(Aim of the exercise): Below are the records; copy exactly the stretch from the line containing "Respect for different" through the line containing "Watertown at Scituate score card", both ends included, and nothing else.

(Provided entries):
---------------

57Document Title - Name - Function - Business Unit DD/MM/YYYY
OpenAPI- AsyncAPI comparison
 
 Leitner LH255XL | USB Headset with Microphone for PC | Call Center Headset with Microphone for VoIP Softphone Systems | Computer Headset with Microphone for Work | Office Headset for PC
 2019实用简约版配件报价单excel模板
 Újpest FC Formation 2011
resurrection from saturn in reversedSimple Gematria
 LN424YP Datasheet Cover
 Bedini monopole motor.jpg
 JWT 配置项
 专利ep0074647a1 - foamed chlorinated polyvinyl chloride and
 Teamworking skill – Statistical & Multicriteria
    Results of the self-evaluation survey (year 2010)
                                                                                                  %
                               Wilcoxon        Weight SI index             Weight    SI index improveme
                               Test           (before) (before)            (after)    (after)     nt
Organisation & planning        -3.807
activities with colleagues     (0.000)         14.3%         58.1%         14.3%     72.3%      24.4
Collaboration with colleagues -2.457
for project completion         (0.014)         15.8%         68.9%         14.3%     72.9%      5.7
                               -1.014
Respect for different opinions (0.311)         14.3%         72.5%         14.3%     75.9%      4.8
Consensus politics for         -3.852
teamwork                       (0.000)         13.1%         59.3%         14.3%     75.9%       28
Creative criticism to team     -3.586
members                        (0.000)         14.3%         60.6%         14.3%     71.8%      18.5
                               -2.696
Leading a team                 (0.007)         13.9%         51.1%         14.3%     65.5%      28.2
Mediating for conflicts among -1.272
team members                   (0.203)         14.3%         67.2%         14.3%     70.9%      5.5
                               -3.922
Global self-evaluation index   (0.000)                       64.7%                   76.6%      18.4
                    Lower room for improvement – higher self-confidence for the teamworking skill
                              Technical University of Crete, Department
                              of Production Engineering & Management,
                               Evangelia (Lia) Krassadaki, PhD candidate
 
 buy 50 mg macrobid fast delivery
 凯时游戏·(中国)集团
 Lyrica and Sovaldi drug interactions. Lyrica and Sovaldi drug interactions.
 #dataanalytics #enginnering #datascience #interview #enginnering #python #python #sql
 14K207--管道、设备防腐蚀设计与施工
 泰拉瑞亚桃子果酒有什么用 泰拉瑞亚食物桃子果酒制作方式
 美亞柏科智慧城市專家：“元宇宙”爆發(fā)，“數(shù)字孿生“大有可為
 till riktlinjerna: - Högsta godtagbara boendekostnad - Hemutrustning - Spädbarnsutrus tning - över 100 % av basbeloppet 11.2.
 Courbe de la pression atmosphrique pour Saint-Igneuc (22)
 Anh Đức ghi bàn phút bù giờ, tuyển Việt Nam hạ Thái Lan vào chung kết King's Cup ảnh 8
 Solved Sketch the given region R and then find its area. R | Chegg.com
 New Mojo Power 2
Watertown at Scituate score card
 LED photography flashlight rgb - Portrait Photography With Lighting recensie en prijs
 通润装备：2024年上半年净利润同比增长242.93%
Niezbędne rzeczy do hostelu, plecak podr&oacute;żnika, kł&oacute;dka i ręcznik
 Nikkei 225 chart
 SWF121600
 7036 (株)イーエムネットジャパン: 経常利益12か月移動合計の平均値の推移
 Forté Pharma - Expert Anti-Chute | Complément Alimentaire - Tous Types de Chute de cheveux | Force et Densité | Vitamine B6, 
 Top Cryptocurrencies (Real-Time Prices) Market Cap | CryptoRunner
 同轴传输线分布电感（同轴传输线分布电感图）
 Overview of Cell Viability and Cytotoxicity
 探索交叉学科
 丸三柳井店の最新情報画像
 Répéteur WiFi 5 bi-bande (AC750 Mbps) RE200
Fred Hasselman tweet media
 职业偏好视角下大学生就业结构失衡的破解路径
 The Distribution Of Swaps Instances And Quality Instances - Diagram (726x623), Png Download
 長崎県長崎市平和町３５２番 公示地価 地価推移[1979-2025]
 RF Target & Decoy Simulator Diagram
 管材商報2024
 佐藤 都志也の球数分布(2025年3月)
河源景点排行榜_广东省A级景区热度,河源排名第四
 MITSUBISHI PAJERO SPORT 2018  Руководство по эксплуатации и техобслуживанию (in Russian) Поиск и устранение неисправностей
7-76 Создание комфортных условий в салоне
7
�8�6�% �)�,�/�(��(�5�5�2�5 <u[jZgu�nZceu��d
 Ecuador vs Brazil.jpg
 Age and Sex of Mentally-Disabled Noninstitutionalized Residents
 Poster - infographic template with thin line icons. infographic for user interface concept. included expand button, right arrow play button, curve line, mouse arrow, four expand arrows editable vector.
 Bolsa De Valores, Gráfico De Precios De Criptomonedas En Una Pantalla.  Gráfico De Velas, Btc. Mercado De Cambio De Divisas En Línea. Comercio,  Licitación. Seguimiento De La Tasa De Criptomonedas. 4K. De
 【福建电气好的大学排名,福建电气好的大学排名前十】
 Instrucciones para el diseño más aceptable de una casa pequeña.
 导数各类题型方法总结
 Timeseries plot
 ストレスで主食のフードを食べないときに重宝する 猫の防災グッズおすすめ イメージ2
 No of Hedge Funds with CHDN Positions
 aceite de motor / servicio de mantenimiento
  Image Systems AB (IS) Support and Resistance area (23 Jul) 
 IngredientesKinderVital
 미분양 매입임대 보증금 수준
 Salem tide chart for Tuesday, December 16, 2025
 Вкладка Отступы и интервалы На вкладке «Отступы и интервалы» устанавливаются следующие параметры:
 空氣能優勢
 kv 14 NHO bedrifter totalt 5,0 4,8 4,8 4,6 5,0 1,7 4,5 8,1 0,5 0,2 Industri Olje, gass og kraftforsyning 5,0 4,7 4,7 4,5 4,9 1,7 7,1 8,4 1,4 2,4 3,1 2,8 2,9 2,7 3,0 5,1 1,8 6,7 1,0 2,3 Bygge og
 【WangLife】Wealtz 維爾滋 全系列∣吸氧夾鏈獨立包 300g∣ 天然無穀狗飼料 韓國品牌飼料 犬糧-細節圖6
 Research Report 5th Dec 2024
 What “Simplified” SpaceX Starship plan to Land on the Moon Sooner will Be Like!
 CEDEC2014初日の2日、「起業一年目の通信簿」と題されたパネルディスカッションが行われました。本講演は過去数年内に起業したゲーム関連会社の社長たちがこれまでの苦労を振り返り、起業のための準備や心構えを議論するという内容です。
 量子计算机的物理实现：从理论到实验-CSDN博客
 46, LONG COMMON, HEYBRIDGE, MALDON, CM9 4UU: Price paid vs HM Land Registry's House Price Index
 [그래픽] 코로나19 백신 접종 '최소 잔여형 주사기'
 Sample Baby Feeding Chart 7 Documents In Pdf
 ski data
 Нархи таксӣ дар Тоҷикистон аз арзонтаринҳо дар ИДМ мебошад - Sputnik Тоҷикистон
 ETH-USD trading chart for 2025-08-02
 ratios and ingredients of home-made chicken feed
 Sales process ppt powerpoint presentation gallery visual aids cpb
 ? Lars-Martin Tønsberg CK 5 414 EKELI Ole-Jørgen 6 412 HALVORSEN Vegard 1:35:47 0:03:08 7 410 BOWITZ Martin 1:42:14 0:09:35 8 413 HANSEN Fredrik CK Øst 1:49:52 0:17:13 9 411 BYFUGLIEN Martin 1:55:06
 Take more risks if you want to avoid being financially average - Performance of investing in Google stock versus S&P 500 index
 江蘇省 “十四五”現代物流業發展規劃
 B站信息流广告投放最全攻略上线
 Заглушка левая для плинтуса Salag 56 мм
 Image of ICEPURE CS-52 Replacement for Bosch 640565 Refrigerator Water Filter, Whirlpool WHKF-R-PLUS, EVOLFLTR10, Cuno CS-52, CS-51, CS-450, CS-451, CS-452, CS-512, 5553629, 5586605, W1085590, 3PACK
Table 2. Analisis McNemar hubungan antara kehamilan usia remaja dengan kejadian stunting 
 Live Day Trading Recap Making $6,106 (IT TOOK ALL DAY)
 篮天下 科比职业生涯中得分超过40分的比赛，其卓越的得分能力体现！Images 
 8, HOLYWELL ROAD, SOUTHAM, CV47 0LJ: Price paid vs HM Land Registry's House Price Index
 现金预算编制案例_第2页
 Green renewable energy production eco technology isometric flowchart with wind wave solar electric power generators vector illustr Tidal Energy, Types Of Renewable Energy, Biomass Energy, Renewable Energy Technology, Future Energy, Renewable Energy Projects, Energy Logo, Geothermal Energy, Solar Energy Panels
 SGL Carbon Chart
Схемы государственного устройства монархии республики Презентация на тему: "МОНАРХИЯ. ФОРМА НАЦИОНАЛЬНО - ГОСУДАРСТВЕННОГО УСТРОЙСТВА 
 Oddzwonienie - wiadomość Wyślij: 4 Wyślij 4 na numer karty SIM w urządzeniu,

---------------

(Solution to the exercise):
Respect for different opinions (0.311)         14.3%         72.5%         14.3%     75.9%      4.8
Consensus politics for         -3.852
teamwork                       (0.000)         13.1%         59.3%         14.3%     75.9%       28
Creative criticism to team     -3.586
members                        (0.000)         14.3%         60.6%         14.3%     71.8%      18.5
                               -2.696
Leading a team                 (0.007)         13.9%         51.1%         14.3%     65.5%      28.2
Mediating for conflicts among -1.272
team members                   (0.203)         14.3%         67.2%         14.3%     70.9%      5.5
                               -3.922
Global self-evaluation index   (0.000)                       64.7%                   76.6%      18.4
                    Lower room for improvement – higher self-confidence for the teamworking skill
                              Technical University of Crete, Department
                              of Production Engineering & Management,
                               Evangelia (Lia) Krassadaki, PhD candidate
 
 buy 50 mg macrobid fast delivery
 凯时游戏·(中国)集团
 Lyrica and Sovaldi drug interactions. Lyrica and Sovaldi drug interactions.
 #dataanalytics #enginnering #datascience #interview #enginnering #python #python #sql
 14K207--管道、设备防腐蚀设计与施工
 泰拉瑞亚桃子果酒有什么用 泰拉瑞亚食物桃子果酒制作方式
 美亞柏科智慧城市專家：“元宇宙”爆發(fā)，“數(shù)字孿生“大有可為
 till riktlinjerna: - Högsta godtagbara boendekostnad - Hemutrustning - Spädbarnsutrus tning - över 100 % av basbeloppet 11.2.
 Courbe de la pression atmosphrique pour Saint-Igneuc (22)
 Anh Đức ghi bàn phút bù giờ, tuyển Việt Nam hạ Thái Lan vào chung kết King's Cup ảnh 8
 Solved Sketch the given region R and then find its area. R | Chegg.com
 New Mojo Power 2
Watertown at Scituate score card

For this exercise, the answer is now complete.